(Extracted data entries)
= = =
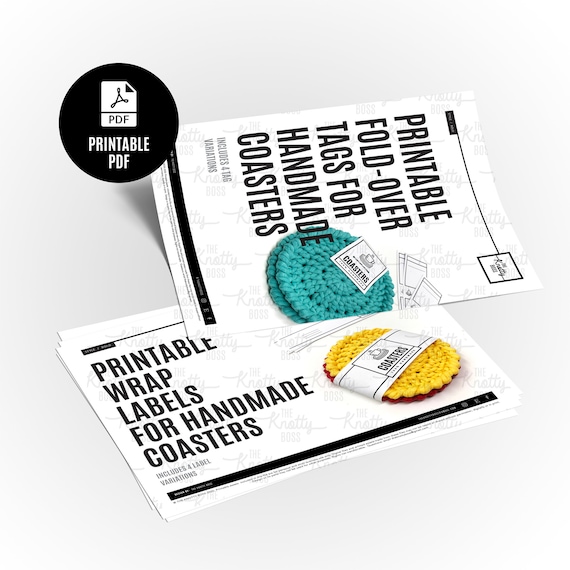PRINTABLE Snowball Packaging - DIGITAL PDF - Insert cards & labels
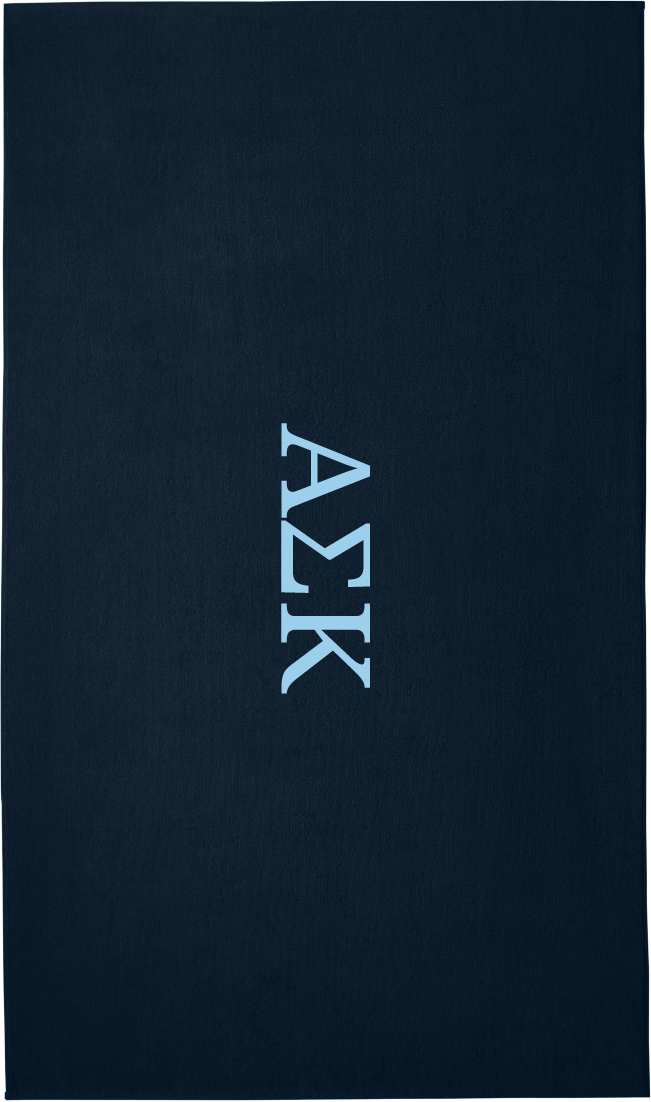 Alpha Sigma Kappa Lettered Beach Towels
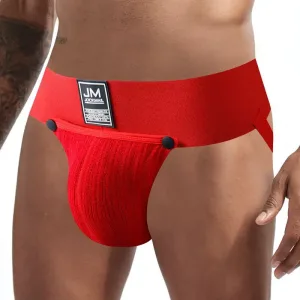 Slip Jockstrap homme Athletic Rouge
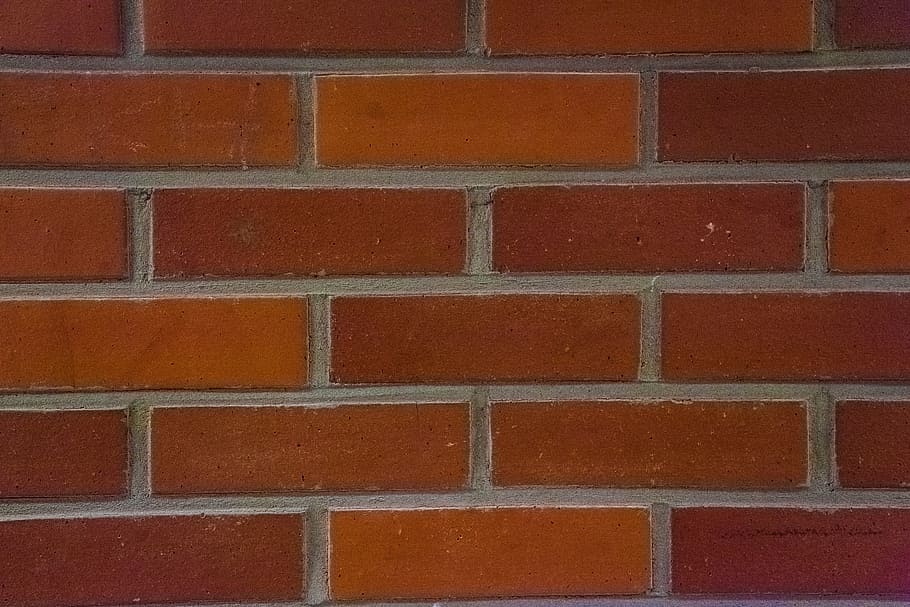 brick wall, bricks, red, pattern, construction, close, lines HD wallpaper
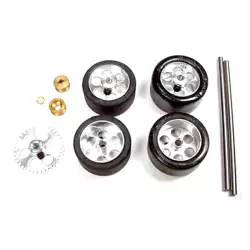 NSR 9212 Front+Rear Kit with Tires on 17" wheels for Fly/Scalextric Sidewinder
= = =
◆ **WHAT YOU ARE ASKED TO DO**
I would like the data above transcribed exactly, with its pictures left out.

◆ **RESPONSE**
PRINTABLE Snowball Packaging - DIGITAL PDF - Insert cards & labels
 Alpha Sigma Kappa Lettered Beach Towels
 Slip Jockstrap homme Athletic Rouge
 brick wall, bricks, red, pattern, construction, close, lines HD wallpaper
 NSR 9212 Front+Rear Kit with Tires on 17" wheels for Fly/Scalextric Sidewinder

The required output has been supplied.